Data below:
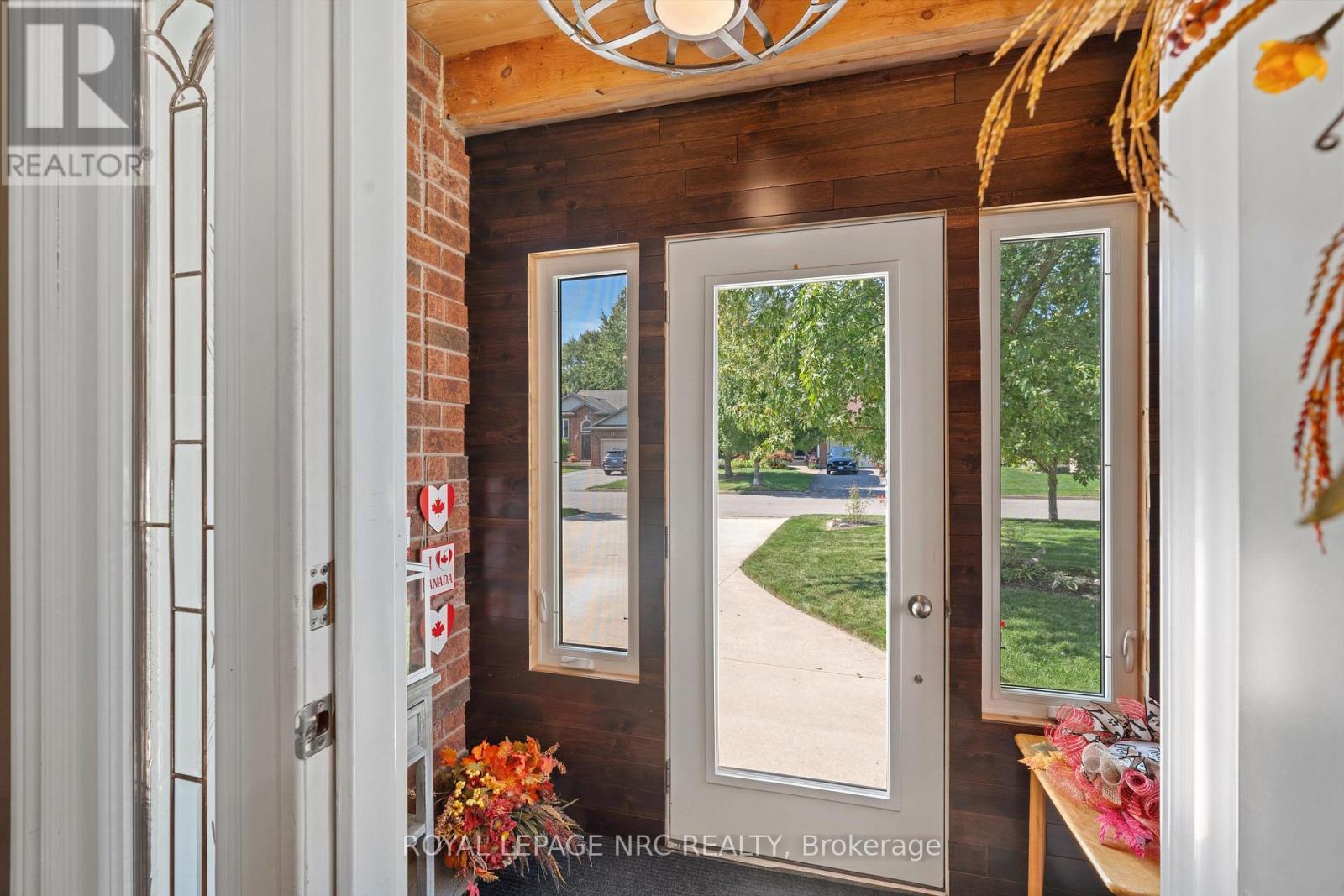 52 THOROLD AVENUE - 5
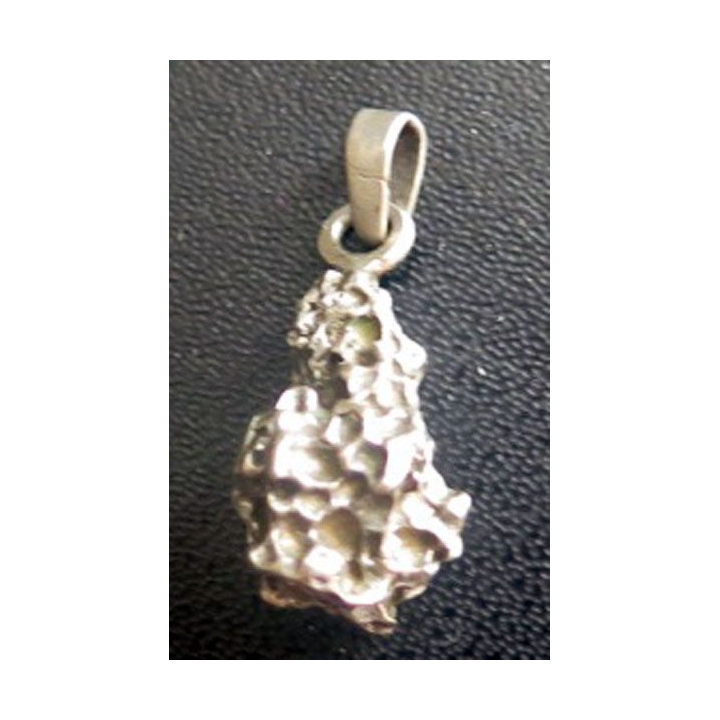pendentif d'une pépite d'argent de hauteur 3 cm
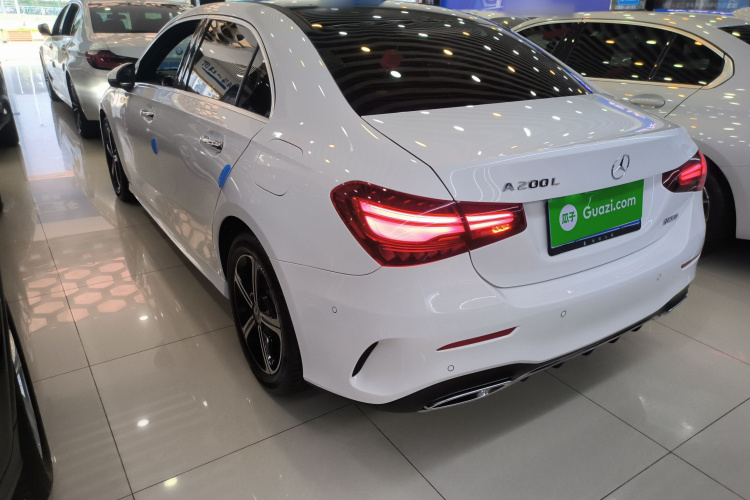 奔驰A级 2025款 A 200 L 时尚型车身外观4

Exercise:
Copy out the lines exactly as written, beginning with the one that contains "pendentif d'une pépite" and ending with the last line of the material; do not include pictures.

Answer box:
pendentif d'une pépite d'argent de hauteur 3 cm
 奔驰A级 2025款 A 200 L 时尚型车身外观4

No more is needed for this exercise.